第1回 2022年10月10日 

太陽はひとりぼっち 1962

 モニカヴィッティの、とろんとした目がなんともいえない魅力をかもしだしている。健康的とも思えないけだるさに、優秀な証券マンを演じる若きアランドロンが翻弄されている。ラストの十分間は映像だけでつないでいる。登場人物がぷっつり消えて、見るほうが勝手に解釈する部分だが、手がかりは風景の謎めいたモンタージュにある。何でもない無人の風景が神秘的にみえてくる。ドラマツルギーで見ようとすると破綻するが、感覚的に美術鑑賞をするように対すると、スタイリッシュな映像描写のみごとさを認めることになる。愛の不毛というテーマは一貫しているが、感情移入できる映画ではなさそうだ。

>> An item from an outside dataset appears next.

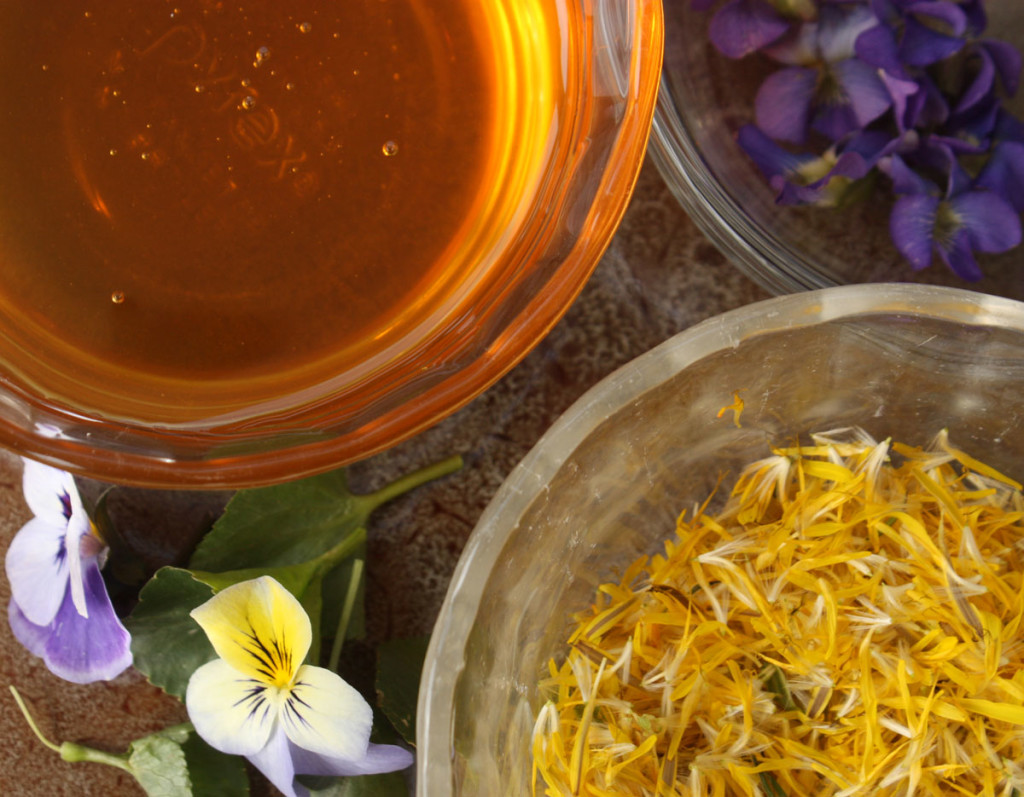 jar of dandelion petals with a jar of honey and a few violet and pansy flowers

 監督の妻だと知りながら遠慮がちにラブシーンを演じる二枚目俳優のぎこちない演技も見どころか。これは日本の松竹ヌーヴェルバーグでもいえる。アランドロンの役どころは株の仲買人という点では、画家ゴーギャンの前身でもあって、バイタリティに満ちた現実的人生観の持ち主だ。株の取引に目の色を変える人間の欲望の姿が繰り返し写し出される。愛の不毛などと言って厭世的になる暇もない世界である。その現実的生き方が女の魅惑にとらわれていく姿は、確かに不毛ではなく愛の勝利と言えそうである。しかし女のほうはスルリとかわして、本心を語らない。すでに経験豊かな時間を経て、愛に疲れている。余韻を残す大きな太陽の映像は、登るのか沈むのかさえ定かではない。原題は「日蝕」L'eclisse である。モノクロ映像だが大画面で見ると、監督アントニオーニのこだわりが冴える。インテリアに置かれた絵画や小物類のデザインは、イタリア的感覚に満ちて、絵になる映像美は古びることはない。

2回 2022年10月11 

若者のすべて 1960

 地方から都会にやってきた母親と五人の息子がたどる貧困家族の没落の物語だが、とりわけ次男シモーネと三男ロッコの対比がきわだっている。殺人者まで出してしまう家族は他人事ではなく、なんでもないようなちょっとした感情のすれちがいが、劣等感や嫉妬から起こってくる。ヴィスコンティ独特の情念の狂気が輝きをはなつ。「揺れる大地」(1948)からのイタリア流リアリスムであるネオリアリズモの理念を引き継ぐが、自身の出自とも重なる血の情念への興味は、やがて貴族社会が崩壊する退廃美へと傾斜していく。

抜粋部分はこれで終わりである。